Linux Nostalgia: What She Left Behind
After years of Debian, Arch, or whatever flavor she favored, List couldn’t help but compare. Linux doesn’t pester you. It doesn’t know your name, doesn’t care if you use Google Chrome or Thunderbird, and certainly doesn’t try to upsell you to a subscription. Updates happen when you want them, and the desktop is yours to shape. The trade-off, of course, is compatibility and ease of use. Some software and hardware still require Windows, and for many, that’s the deciding factor.
List’s experiment wasn’t about switching permanently; it was about seeing whether Windows had become welcoming or simply tolerant. The answer: tolerant, but with strings attached.
Does It Have to Be This Way?
Microsoft’s strategy is rational from a business perspective. Recurring revenue from Microsoft 365 subscriptions, Azure cloud integration, and advertising partnerships depends on user engagement. The more you use Edge, OneDrive, and Copilot, the more Microsoft earns. But there’s a line between encouraging ecosystem adoption and harassing your own customer base. List’s account suggests that line has been crossed.
Power users know how to disable most annoyances via Group Policy, registry tweaks, or third-party tools like O&O ShutUp10++. Average users, however—including those exploring Windows for the first time in years—are left with a machine that feels pushy and distrustful. It’s a missed opportunity. Windows 11’s under-the-hood improvements—better security, DirectStorage, improved battery management—are genuinely impressive. Yet the experience is marred by a layer of promotional sediment that accumulates with each update.
Conclusion: A Functional OS Under a Shadow
Jenny List’s journey back to Windows 11 was illuminating. The operating system works—it’s stable, widely compatible, and polished. But it behaves less like a platform you own and more like a service you’re borrowing. The constant nudging toward a Microsoft account, the cloud, the AI assistant, and the default browser erodes the sense of agency that personal computing once promised.

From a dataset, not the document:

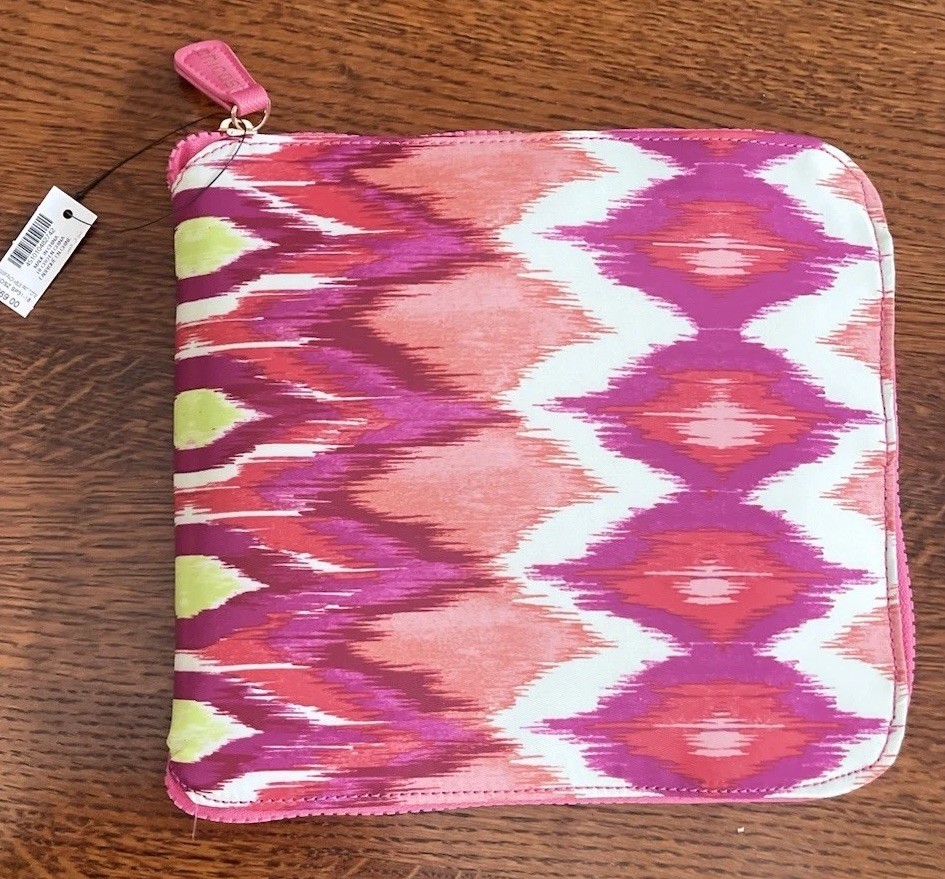 CHICO’S NWT Be Bold Packable Zipper Tote Bag Rose-Pink-White Ikat Print
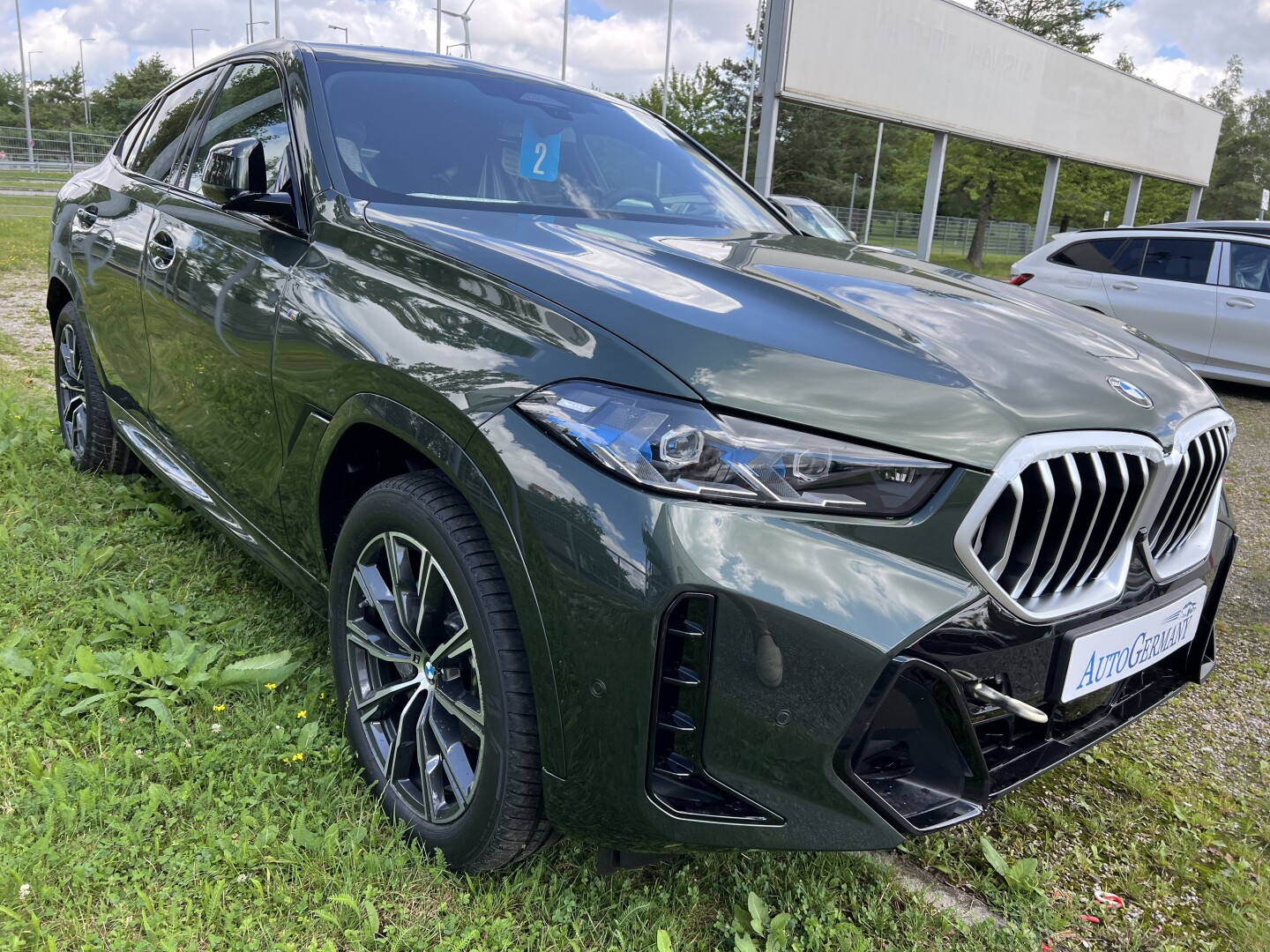 BMW X6 xDrive 40d 352PS M-Sport Black Paket From Germany (119150)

For the millions who use Windows daily, these irritations may have faded into background noise through sheer habituation. For someone coming in cold, they’re impossible to ignore. As Microsoft continues to layer on AI features and service tie-ins, it risks alienating not just the Linux faithful testing the waters, but any user who remembers when a PC felt like a tool, not a sales funnel. The question isn’t whether Windows 11 functions—it does—but whether it respects its users enough to get out of their way.